Niger is this incredibly tenuously held country at the moment, because it’s essentially fighting battles on three different fronts. In the north is the flow of foreign fighters from Libya and, to a lesser extent, Algeria. On its southeastern flank, it’s embroiled in the Boko Haram insurgency; it’s not primarily in Niger, but there’s a lot of spillover, particularly in Diffa, where a substantial number of refugees have been targeted. In the southwest is a battle against a combination of al-Qaeda-affiliated groups and the group that has been blamed for this attack, ISGS.

Map of Niger

At the intersection of Mali, Niger, and Burkina Faso are two different poles of jihadi power: the Islamic State in Greater Sahara and a coalition called JNIM, which resulted from a merger of multiple al-Qaeda-affiliated groups that had been battling for supremacy. This area is incredibly complicated because there is this never-ending series of mergers, splits, internal takeovers, and renaming of jihadi groups. Once the Islamic State’s stock started rising globally in 2014 and 2015, there began to be conversations within these groups as to whether they should stay allied with al-Qaeda or pledge allegiance to the Islamic State. ISGS emerged in May 2015, when its leader, Adnan Abu Walid al-Sahraoui, pledged [allegiance] to the Islamic State after de facto defecting from one of the al-Qaeda-affiliated groups, al-Mourabitoun, that is now part of JNIM.

Do these jihadi groups present a serious threat to the United States?

Yes and no. The likelihood that any of these Sahara- and Sahel-based jihadi groups will pose a threat to the U.S. homeland is minimal. However, they do pose a threat to U.S. interests in West Africa. They have the capacity to destabilize partner nations we want to see succeed. They have the capacity to hurt individual Americans and representatives of the U.S. government in the region.

By the beginning of 2017, ISGS had only carried out, to my knowledge, three attacks—none of them terribly significant. Conversely, JNIM conducts attacks monthly, and, increasingly, weekly. When it was revealed that these four U.S. servicemembers were killed, many observers assumed that the assailants would have been affiliated with JNIM. When that turned out not to be the case, it raised eyebrows. Yet, the Islamic State in Greater Sahara still has not claimed the attack, revealing that they now know there’s a target on their back in ways that there might not have been before. Because they are essentially known to have killed U.S. servicemembers directly, they’re trying to lay low by not claiming the attacks.

The Niger attack has spurred calls from Congress for more oversight of U.S. military operations in the region. How do you see this debate? 

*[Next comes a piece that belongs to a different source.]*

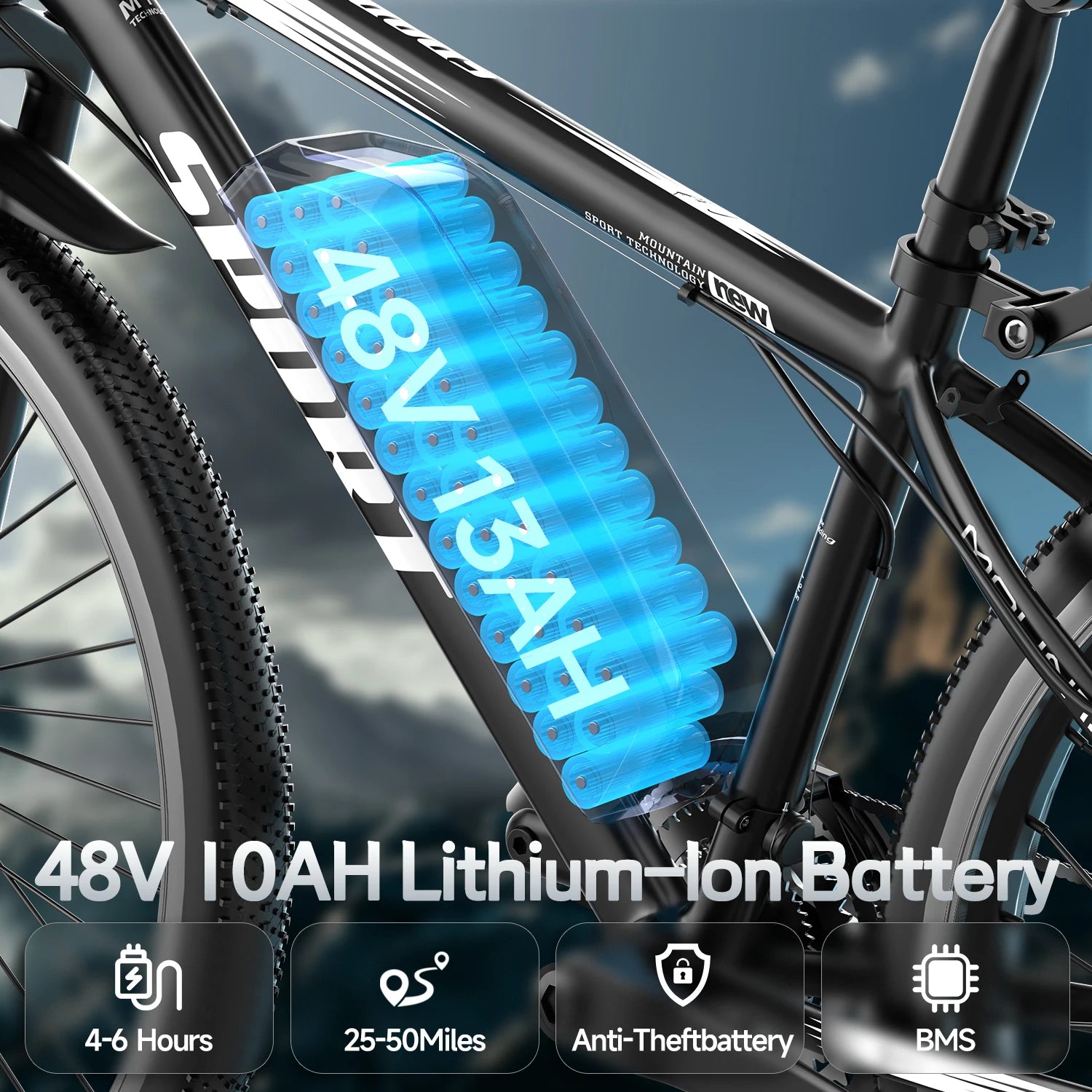 26''Electric Bike,Motorcycle 700W Peak Motor,20MPH 35Miles 480Wh 7-Speed& LCD Display - Ohberri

This is a region where the U.S. military presence is somewhat significant and has been growing. There were at least a couple reasons it became such a story: One, people just didn’t know there were U.S. servicemembers there at all. Two, there was some politics in how the deaths of these soldiers were handled. Ultimately, though, this was part of what comes along with undertaking these sorts of operations. When you’re embedded in lots of volatile spaces in the way the U.S. military is you’re going to suffer some casualties.

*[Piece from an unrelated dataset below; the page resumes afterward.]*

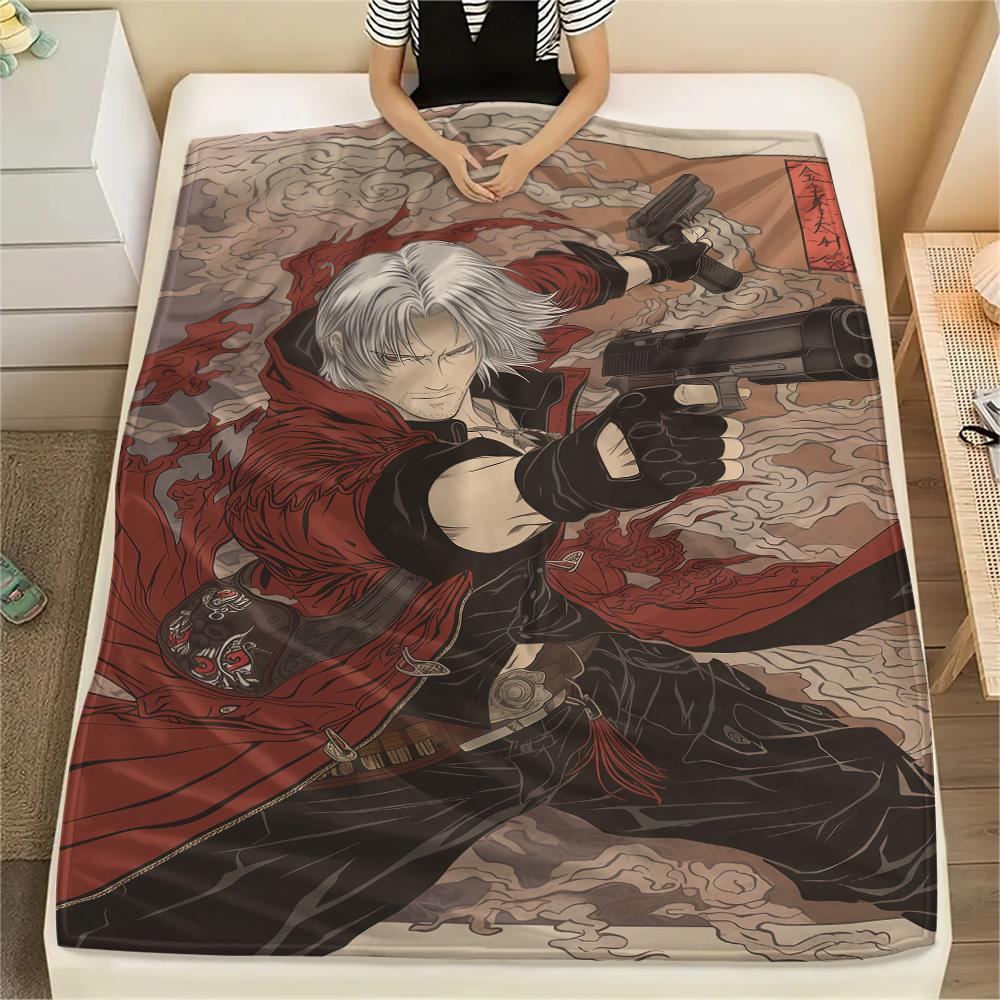 1PC Devil May Cry Print Flannel Blanket, High quality All Seasons, Home Decor, Warmth and Comfort, Perfect for Christmas Gifts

There were some mistakes made in the mission, but it doesn’t signal a wholesale failure of U.S. policy on the continent.

The backlash and request for reconsidering U.S. Africa policy as a result of this incident is somewhat misguided. It’s been done quietly, but that’s been intentional. And it’s not as though there’s no information out there; it’s no secret that we’ve been in Niger, and throughout West Africa, for years. Yes, there were some mistakes made in the mission, but it doesn’t signal a wholesale failure of U.S. policy on the continent.

Could this attack change the way the United States approaches counterterrorism on the continent?

We’re not going to see a massive overhaul of the way the U.S. is conducting counterterrorism operations in Africa. Instead, perhaps U.S. commanders will adjust operational conduct based on recognition of heightened threat levels. Indeed, rather than retrenchment, I think an increased U.S. counterterrorism presence in Africa is far more likely.

Maybe the biggest change as a result of this attack is going to be in the U.S. public’s understanding of just what the U.S. military is doing in Africa. For a long time, people tended to write off Africa as a poor continent that didn’t pose a threat or have anything to offer. Increasingly, that’s not the case, both for better and for worse.

This interview has been edited and condensed.